I started brainstorming what I could say if it ever came up, so I could be half-surprised, totally-prepared by someone watching me watch porn.

I decided I’d go with, I downloaded this internet porn because I thought it was a foreign film – it was, but not the right kind.

caught in the act
Creative Commons License photo credit: derpunk

I wondered if male porn stars were usually more attractive than these two and if that’s why people enjoyed watching porn movies so much.

Two answers to that one:

  1. No, people like sex and watching sex, and
  2. I’m regarding the American interest in American porn and there’s no way in hell any foreign porn stars could be sleazier and awkwardly attractive in a more disturbing way than American male porn stars; I don’t care what anyone says.

And then, my attention was diverted back to the screen again as the making out got crazier with the appearance of tongues all over the place, not necessarily licking anything.

This just grossed me out. I have a hard time sharing a glass with anyone, even; I’m very careful about whose saliva I allow near myself and the things my saliva will be coming into contact with – other people’s saliva is just nasty when it becomes communal.

But that’s when I noticed that the ridiculously thin girl’s tongue was missing out on the action. And it’s not like she wanted it to be.

There were two men, six women, and the thin girl seemed to be getting shafted. Or not. Whichever way you want to look at it.

The puns were popping into my head like there was no tomorrow.

I couldn’t help but compare her to a newborn puppy that was trying to feed, but couldn’t get to its mother’s nipples because all the other puppies were sucking on them.

I started getting incensed, taking the side of this emaciated underdog, wishing someone would just take pity and lick her or something.

Even when they moved to the conveniently-placed, folding beach chairs in a nearby room that I couldn’t decide was indoors or outdoors, and the guys started going at it, each with one of the women, and the other women worked to fondle the woman whose turn it was to be…”done,” no one fondled more generously than the thin girl.

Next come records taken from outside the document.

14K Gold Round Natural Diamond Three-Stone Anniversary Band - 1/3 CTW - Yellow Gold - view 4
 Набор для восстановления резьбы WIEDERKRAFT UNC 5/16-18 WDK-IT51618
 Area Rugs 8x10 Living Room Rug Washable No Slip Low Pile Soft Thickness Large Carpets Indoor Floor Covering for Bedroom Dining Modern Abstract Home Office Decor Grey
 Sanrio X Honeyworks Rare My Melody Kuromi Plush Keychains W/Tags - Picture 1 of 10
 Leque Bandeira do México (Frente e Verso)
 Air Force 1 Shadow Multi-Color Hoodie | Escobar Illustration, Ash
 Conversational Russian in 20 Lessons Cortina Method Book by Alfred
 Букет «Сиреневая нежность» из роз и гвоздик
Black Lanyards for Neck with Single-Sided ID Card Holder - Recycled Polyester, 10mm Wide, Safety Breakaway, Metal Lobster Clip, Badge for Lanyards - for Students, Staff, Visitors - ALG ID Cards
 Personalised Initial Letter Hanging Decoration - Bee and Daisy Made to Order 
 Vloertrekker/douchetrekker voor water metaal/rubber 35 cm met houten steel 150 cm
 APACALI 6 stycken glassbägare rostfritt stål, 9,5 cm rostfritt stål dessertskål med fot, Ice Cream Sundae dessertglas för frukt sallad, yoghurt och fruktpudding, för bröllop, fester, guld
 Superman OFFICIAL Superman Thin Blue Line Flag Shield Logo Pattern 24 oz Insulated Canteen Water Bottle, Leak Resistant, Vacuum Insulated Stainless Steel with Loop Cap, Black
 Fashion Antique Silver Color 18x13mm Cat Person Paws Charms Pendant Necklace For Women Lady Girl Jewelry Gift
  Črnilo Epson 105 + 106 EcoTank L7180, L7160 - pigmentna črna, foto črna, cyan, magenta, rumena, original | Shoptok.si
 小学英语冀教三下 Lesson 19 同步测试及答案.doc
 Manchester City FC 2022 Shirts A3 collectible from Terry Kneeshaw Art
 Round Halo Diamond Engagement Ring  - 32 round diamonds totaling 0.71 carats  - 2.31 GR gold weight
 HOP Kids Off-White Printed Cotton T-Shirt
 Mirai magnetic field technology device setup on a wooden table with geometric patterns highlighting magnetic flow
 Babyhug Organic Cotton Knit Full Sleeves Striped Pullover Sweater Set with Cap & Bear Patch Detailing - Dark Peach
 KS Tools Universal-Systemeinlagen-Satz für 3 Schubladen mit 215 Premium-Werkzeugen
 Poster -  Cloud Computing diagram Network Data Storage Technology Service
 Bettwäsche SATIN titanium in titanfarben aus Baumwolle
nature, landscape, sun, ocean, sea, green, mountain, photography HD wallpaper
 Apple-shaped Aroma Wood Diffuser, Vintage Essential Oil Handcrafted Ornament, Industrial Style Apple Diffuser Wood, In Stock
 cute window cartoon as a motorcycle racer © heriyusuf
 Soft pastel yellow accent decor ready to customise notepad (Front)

And it seemed unfair because when it was her turn, the other girls did not repay the favor.

And, her time with the guy seemed too short, really, in comparison with the time the other girls got – unfairly short, really.

I felt bad for her. Then I got angry with her.

Have some self-respect!, I shouted at the screen, knowing she couldn’t hear me, and that even if she did, she wouldn’t understand me because I don’t speak Catalan. Walk away if you’re not wanted!

I gestured wildly as I shouted this.

It’s just not right how you’re being treated.

Then, with a sigh, I threw up my hands in resignation.

It was her decision.

I hoped she was getting paid handsomely for this, at least – she deserved the money more than the other cast members, as she was definitely committed to her work.

I watched the movie for about two more minutes before I had to shut it off, bored out of my mind and ironically very turned sexually off.

So that was porn, I thought.

And from this experience, I’ve concluded that I’m way too neurotic to watch anything like it ever again.